I've made ceviche a couple times in the past month with sheepshead and have enjoyed it. Several good recipes online. Basically cut into small cubes, soak 4-8 hours in lime juice and then drain and add chopped purple onion, tomatoes, cilantro and bell pepper. Great eats!


----------



## DAY OF REST (Dec 7, 2013)

Never cooked it that way. Sounds good i will have to try it. I have mostly grilled mine with seasoning.


----------



## andrewsa43 (Mar 1, 2015)

I got the idea from a guy in our club. Its easy to tweak how you prefer and of course needs to be very fresh and cold. The firmness of a nice sheep fillet work well for the recipe.


----------



## jack2 (Mar 19, 2010)

has anyone ever tried sheephead in west indies salad?

jack


----------



## 49913 (Apr 18, 2014)

Kind of boring maybe, but it's awful good. Clean, take the head off and scale.
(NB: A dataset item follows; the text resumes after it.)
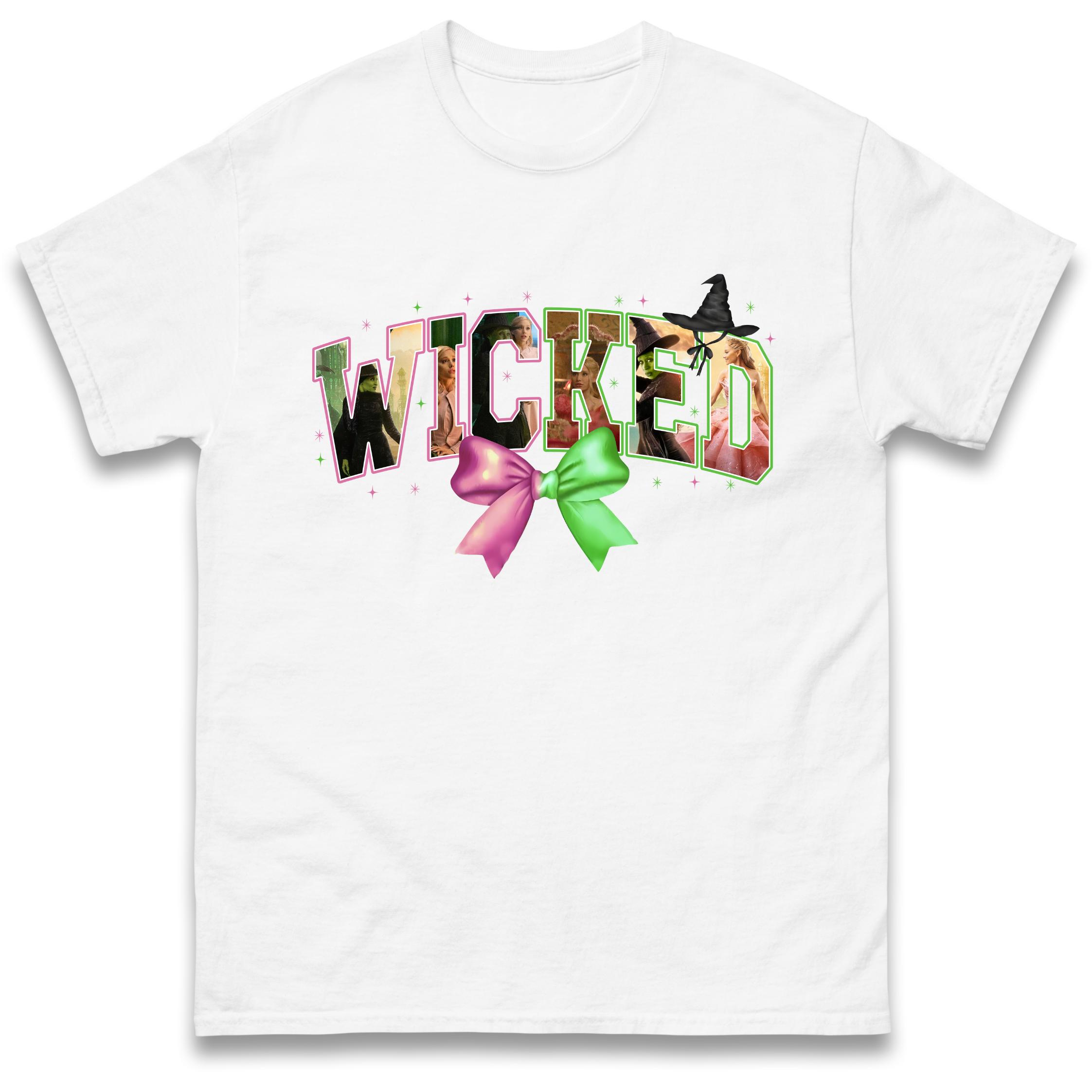 

Wicked pink & green Bow Mens T Shirt Womens Tops Tees L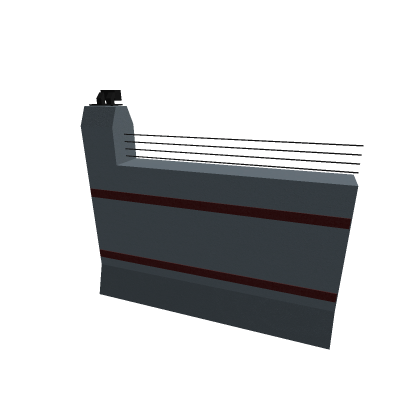 Modular Basic Fence with Barbed Wire and Lights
Cut a few grooves in the sides, layer on butter, lemon and garlic, throw some sliced onions in the pan, season to taste, and bake on 350 until flaky.


----------



## Flounderpounder (Oct 3, 2007)

They are great for fish tacos.


----------



## Snagged Line (Sep 30, 2007)

They blacken nicely also........ Zatteran's blackening seasoning....


Sent through Tapatalk, even though they ruined it with "upgrades"...


----------